Do something at the same time each day. If possible, schedule it at the start of the day, even if this means getting up 15 minutes earlier, as then it is done and won’t get side-lined by other daily chores or commitments. If this is not possible, or realistic, choose a time that is convenient – for example, on your coffee break (take your drink with you), after lunch or before the afternoon school run. Treat it like a dentist appointment or brushing your teeth and write it into your diary for the same time of day. This means it is more likely to become a habit that sticks.


Get everything you need ready the evening before. It only takes a minute to lay out your kit for a walk, a cycle, the gym or a yoga session but it means you can get up, get dressed and get going.


It takes more than one day to create a habit, so give it your all for at least three weeks – longer if possible. This is why choosing something you enjoy is so important, as you will want to do it. And track your progress every day – including how much easier it gets to complete your activity and any benefits you start to feel.


As with any change, be realistic about what you can do; if you have never run before, then don’t start with running – start with walking.

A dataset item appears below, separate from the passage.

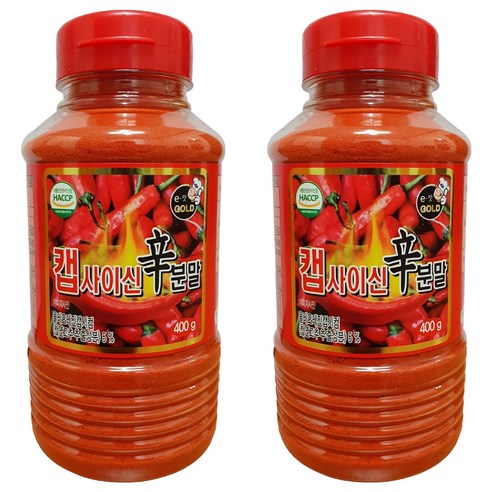 두원식품 캡사이신 분말, 400g, 2개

If you want to improve flexibility, start with a simple routine for your tightest muscles once a day, increasing gradually to include other muscles and longer stretches. If strength is your goal, then bodyweight exercises will get you going before you move onto resistance equipment or weights. Start small and progress slowly but regularly and, as you get fitter or stronger or more supple (or whatever you want to achieve), you will develop the motivation to keep going. But those small steps are vital at the start!